She describes him as one whose rancour was dreaded and abhorred; who took a peculiar delight in looking for errors and blemishes, and enlarging them by his fertile imagination into every kind of mental deformity. The singularity of his disposition made him neither an enemy to vice, nor a friend to virtue.' He would see the one oppressed, and the other extolled, without any sensations but those which might create an occasion for him to take advantage of either.'

It is not impossible that if this character should be true, it was like most characters, chiefly the result of the painful circumstances in which Tooke had placed himself in the beginning of his career. An unlimited passion to be a public man, inconsistently with the habits and purposes of his sacred profession, a sense of superior acuteness, and a consciousness that all the avenues of that ambition which he loved, were naturally closed upon him, made him peevish in private life, and fierce, hazardous, and revolutionary in his more general and ostensible career. An accomplished scholar, a dexterous sophist, and a ready and pungent conversationist, Horne Tooke undoubtedly made the great and common mistake of conceiving that the talents of the table were the talents for the noble requisitions of public eminence.

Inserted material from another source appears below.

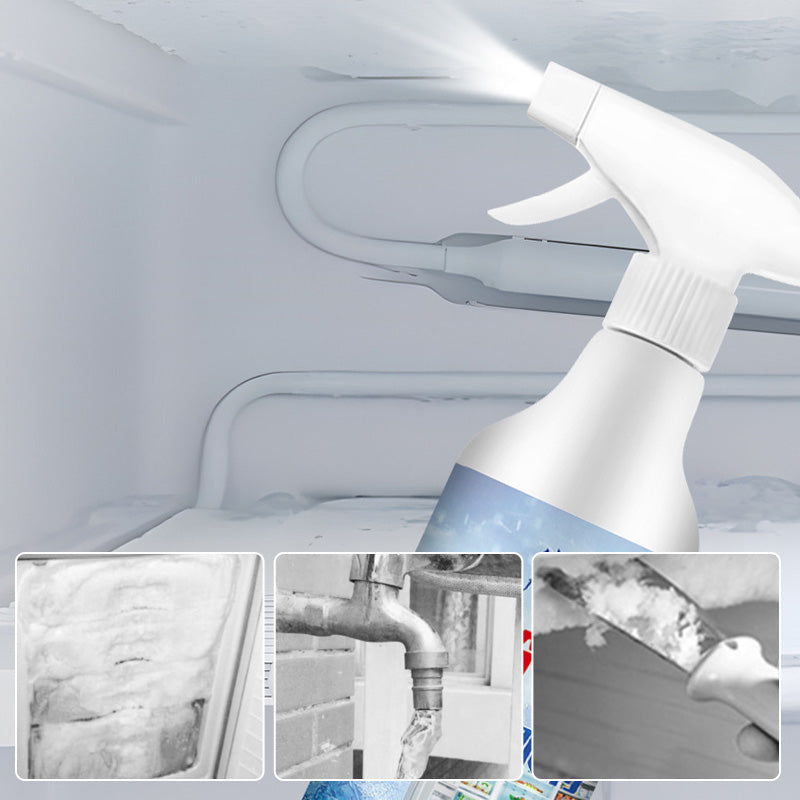 🧊 Discount Price| Defrosting Spray for Fridge Freezer 🎁 Includes Free Spatula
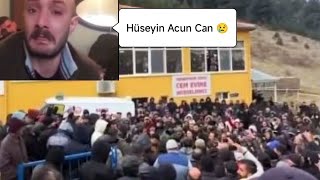 Hüseyin ACUN Canın Sol Yolculuğu Nurlar İçinde Uyu 😢 [upl. by Fugazy325]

His first experiment on that wider scale proved to his associates, if the conviction came more slowly to himself, that he was not made to be a national champion. He wanted comprehensiveness, power and dignity of mind: he would have found it more congenial to him to make his way by sap than by storm. In the presence of such men as Burke and Pitt, Fox and Sheridan, his light would have been not merely rivalled, but cast into utter and disastrous eclipse: the minute adroitness of the sophist would have been beaten down, and trampled by the magnificent march and athletic weight of the great champions; and his criticisms and repartees would have been forgotten in his extinction. His effort in the House of Commons was altogether contemptible: it threw

his associates into dismay; but it surprised no one who had reflected on the infinite difference between dexterity and vigour, between the pungencies of familiar conversation and the stern and lofty demands of debate in national council.

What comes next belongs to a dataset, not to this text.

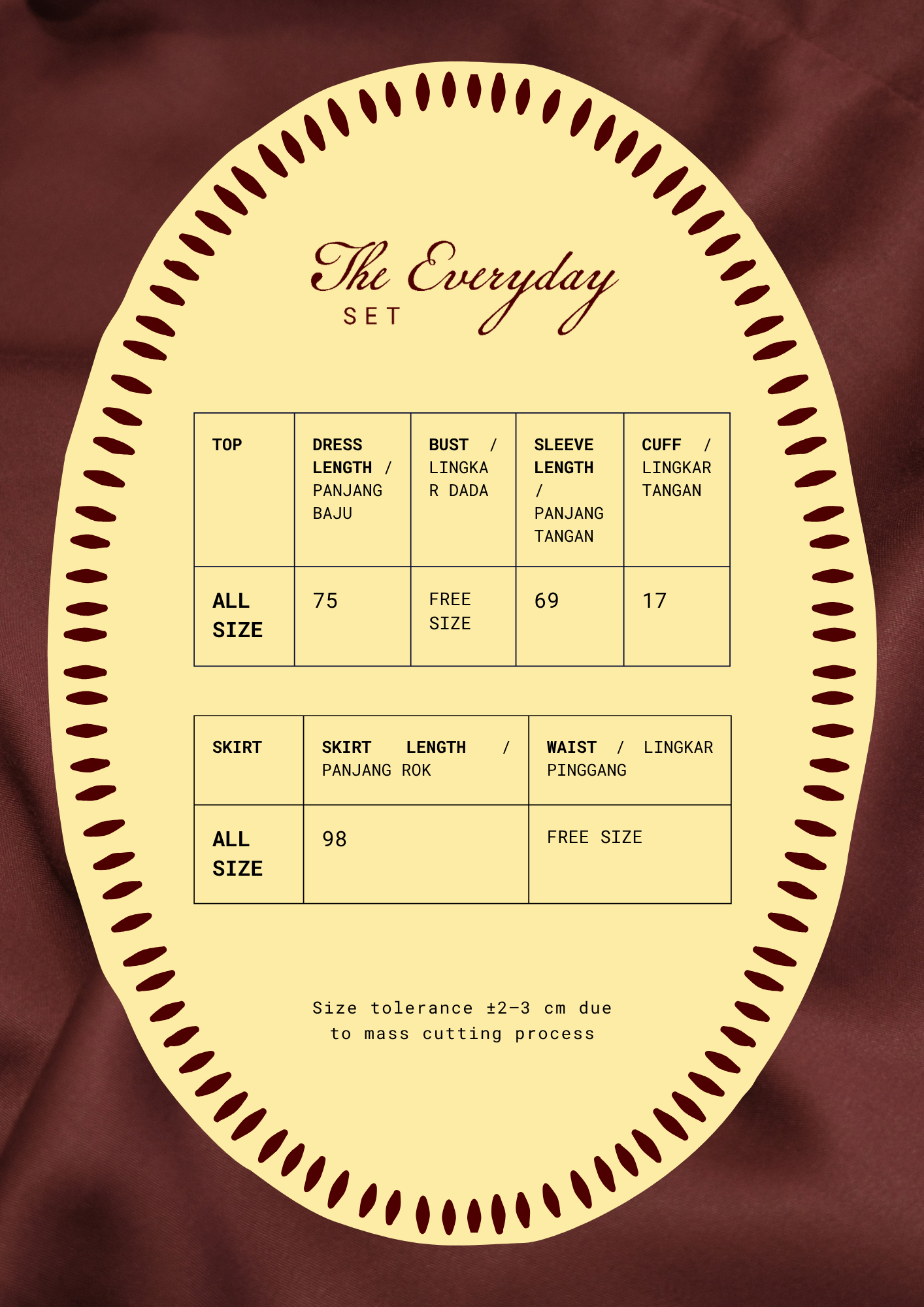 THE EVERYDAY SET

That Horne Tooke was a remarkable man is not to be denied; that he must have become superior, in debate, at one time or other, to nine tenths of that miscellaneous and most ineloquent assemblage who settle the affairs of the land, will be readily conceded. But it is no less unquestionable, that he would have been to the last only a third-rate figure. Even before the mob he was feeble: the verbal keenness and minute ingenuity of his mind were the direct opposite of those large and vigorous faculties which impress great bodies of men; and on the hustings, beside Fox and Sheridan, he shrank into sneer, sarcasm, pun, nothingness!

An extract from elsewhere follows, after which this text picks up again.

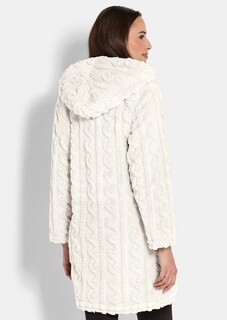 Veste polaire douillette avec capuche thumbnail 2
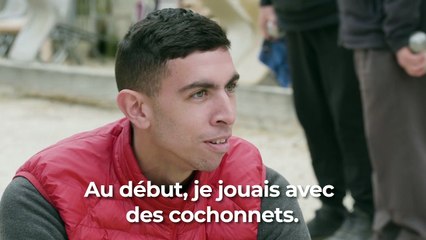 Yaniss Seboussi et la pétanque,  une histoire de famille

Even his literature, on which his only hope of legitimate fame must stand, was narrow, diminutive, and hypercritical. His "Diversions of Purley," palpably the work of a subtle mind, is also, as palpably, the work of a perverted judgment. Its mixture of politics and philology not merely detracts from the usefulness of the performance, but throws ridicule on the understanding of the writer. It has, of course, nearly passed away from all sober study; and is now looked into chiefly for the amusement of those who can be diverted with the definitions and divisions of exploded faction; with the laborious burlesque of serious things, and with the eccentric abuse of talent and time.

The latter part of these volumes is a pasticcio of anecdotes of Napoleon, Desaix, the Margrave, and every body in the range of Her Highness's hearsay.

We had known that the late King of France was a scholar and a bel esprit. But we are here let into the arcana of his royal authorship. When Monsieur, he wrote a comedy, in three acts, "Le Mariage Secret," which was, we believe, a translation from the "Clandestine Marriage," and which he wished to have represented under the mask of his Secretary Ducis, the imitator of Shakspeare à la Française. But Ducis, secretary and Frenchman as he was, was too nervous about his reputation to let it take its chance on the same vessel with a Bourbon. He declined the honour; another less scrupulous secretary was found; the play was performed, and "Monsieur" was hissed by deputy.

Under the name of Morel, he had two operas performed: "Paminga," and the "Caravane du Caire," to which Gretry contributed that pleasant music, which was all-popular with the French parterre. He also penned politics, which were published in the Journal de Paris; and criticised in the other journals as keenly as if the name of the whole blood royal were subscribed to them. But to criticise kings, or those who may be kings, is among the hazards of journals, and some of them are supposed to have fallen

under the displeasure of Louis XVIII. for having observed on the lucubrations of Monsieur le Comte de Provence.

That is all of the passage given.